The N random vectors $({\tau }_i^{\left(1\right)},{\tau }_i^{\left(2\right)},b_i^{\left(1\right)},b_i^{\left(2\right)}),1\le i\le N$ are mutually independent conditional on $\mathit{Y}$.

Assumption 2 means that the loss probabilities of the ith loan are fully determined by the individual factors ${\mathit{x}}_i$ and systematic factors $\mathit{Y}$. Given $\mathit{Y}=\mathit{y}$, the repayment behavior of the ith loan is illustrated in Figure 1. At each time $k=1,\dots ,K$, the ith loan is exposed to the default risk and prepayment risk, with the probability $q^{\left(1\right)}(k,{\mathit{x}}_i,\mathit{y})$ of default and the probability $q^{\left(2\right)}(k,{\mathit{x}}_i,\mathit{y})$ of prepayment. Although the actual loss values are not uniquely determined by the individual factors ${\mathit{x}}_i$ and systematic factors $\mathit{Y}$, the first and second moments of the loss distribution (equivalently, its expectation and variance) are fully specified by these factors.

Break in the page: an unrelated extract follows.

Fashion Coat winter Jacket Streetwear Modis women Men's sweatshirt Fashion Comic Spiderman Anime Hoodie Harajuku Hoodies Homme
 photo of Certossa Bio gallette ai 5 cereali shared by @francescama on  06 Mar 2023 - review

Assumption 3 implies that the repayment behaviors of the N loans are independent conditional on the systematic factors $\mathit{Y}$, which is a standard modeling approach in the literature (see Credit Suisse Financial Products 1997; Gordy 2003). Note that for some $1\le i\le N$, the components in $({\tau }_i^{\left(1\right)},{\tau }_i^{\left(2\right)},b_i^{\left(1\right)},b_i^{\left(2\right)})$ need not be conditionally independent.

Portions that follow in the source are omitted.